● Task to carry out:
Please repeat exactly the lines below from the one containing "10 Edgehill Circle" down to the one containing "AUDI Q8 advanced", both included, and nothing else.

● Given entries:
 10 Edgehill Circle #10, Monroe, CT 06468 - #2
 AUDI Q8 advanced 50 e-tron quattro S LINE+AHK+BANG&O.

==

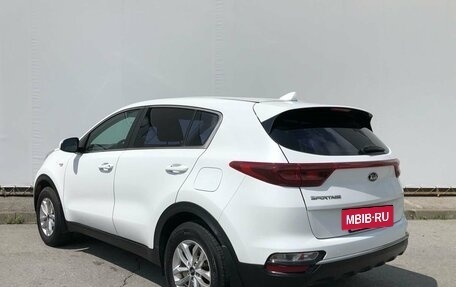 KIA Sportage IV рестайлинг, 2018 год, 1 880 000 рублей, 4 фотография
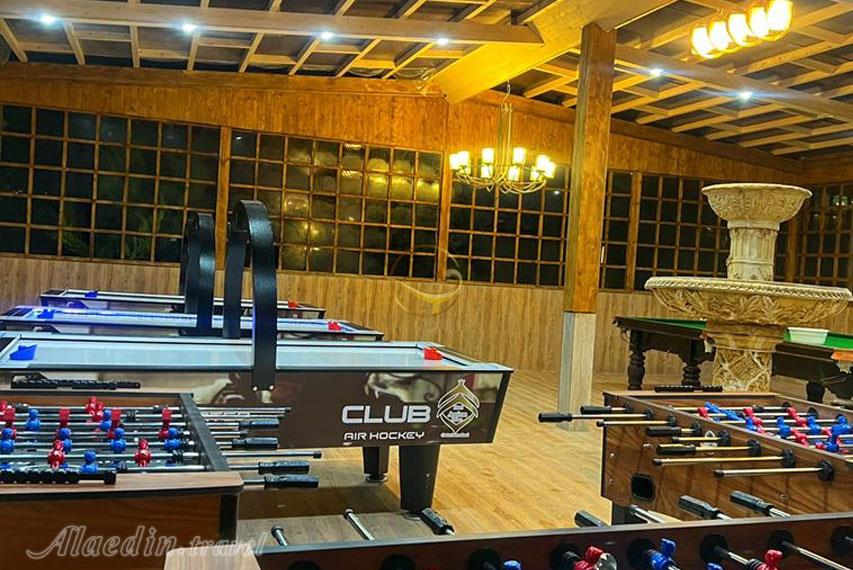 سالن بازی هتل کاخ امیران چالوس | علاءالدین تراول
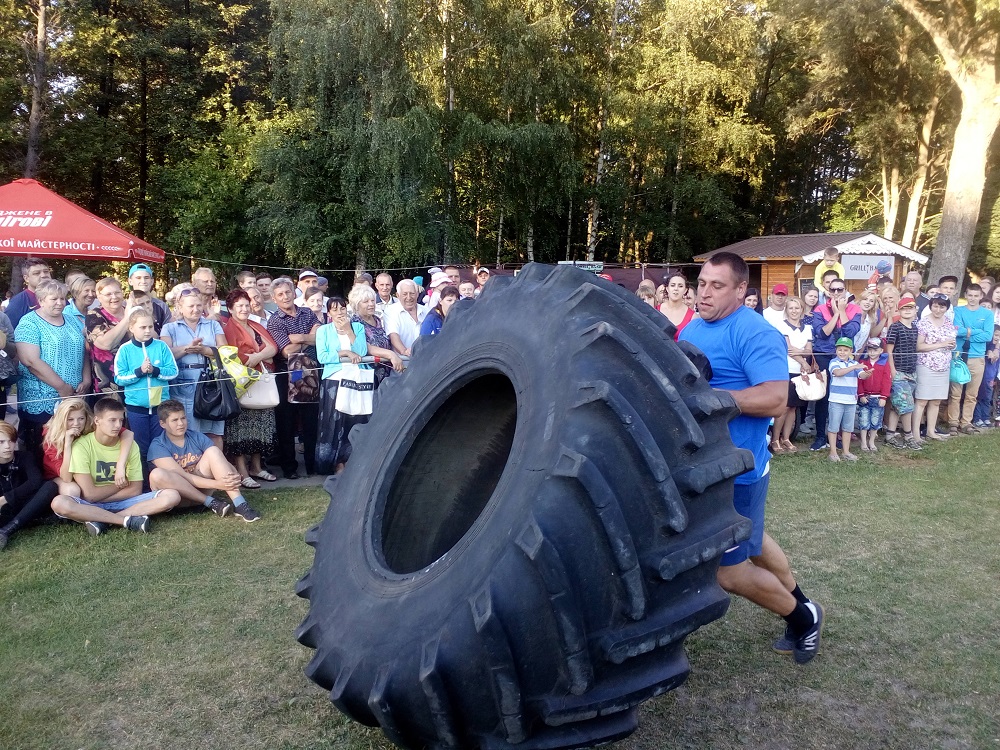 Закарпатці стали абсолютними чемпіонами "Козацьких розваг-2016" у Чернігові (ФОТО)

...

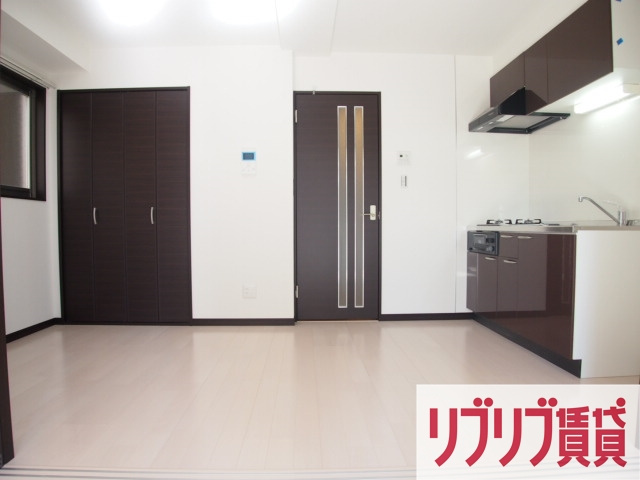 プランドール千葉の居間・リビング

● Task result:
 10 Edgehill Circle #10, Monroe, CT 06468 - #2
 AUDI Q8 advanced 50 e-tron quattro S LINE+AHK+BANG&O.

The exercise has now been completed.